SÃO PAULO — A My Vintage Dress passou a priorizar a entrega de vestidos já vendidos depois de queixas de noivas que não receberam os produtos no prazo. A dona da loja, Camila Rossi, afirmou que cerca de 300 clientes foram afetadas e pediu desculpas pelos atrasos.
Rossi disse que a empresa deixou de concentrar esforços em novas vendas para atender as encomendas pendentes. Ela negou que a mudança indique fechamento ou falência e afirmou que a loja tenta cumprir os compromissos assumidos.
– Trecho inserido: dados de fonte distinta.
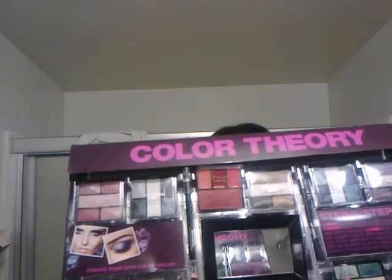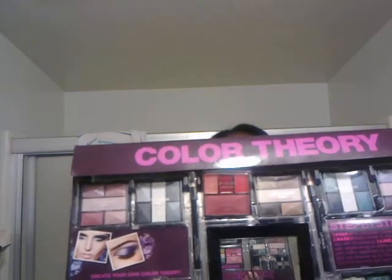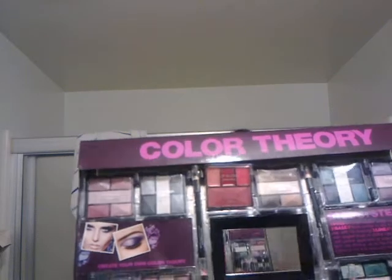This is going to be a review of the CVS kit — the Color Theory palette. This is a ten dollar kit and you get all this: 50 eyeshadows, six lip glosses, four lipsticks, two eye pencils, two nail polishes, and two lip pencils. Yeah, you get all of that.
“Eu realmente sinto muito por isso tudo”, declarou a empresária. Camila também disse compreender a preocupação das clientes, especialmente diante da proximidade dos casamentos.
Investigação sobre fraude
Segundo o advogado Luiz Augusto D’Urso, uma ex-funcionária teria desviado quase R$ 1 milhão da empresa e vendido vestidos por valores abaixo do esperado. A defesa afirma que a fraude provocou dificuldades financeiras na loja. Camila disse ter sido vítima do desvio.
A My Vintage Dress também é alvo de uma ação de despejo. O advogado que representa o espólio do proprietário do imóvel afirma que a empresa deixou de pagar o IPTU entre abril e agosto. A dívida ultrapassaria R$ 41 mil, enquanto o aluguel mensal é de R$ 60 mil.
D’Urso afirmou que Camila ainda não havia recebido a intimação e que acompanha o processo. A defesa disse que não foi comunicada sobre a ação.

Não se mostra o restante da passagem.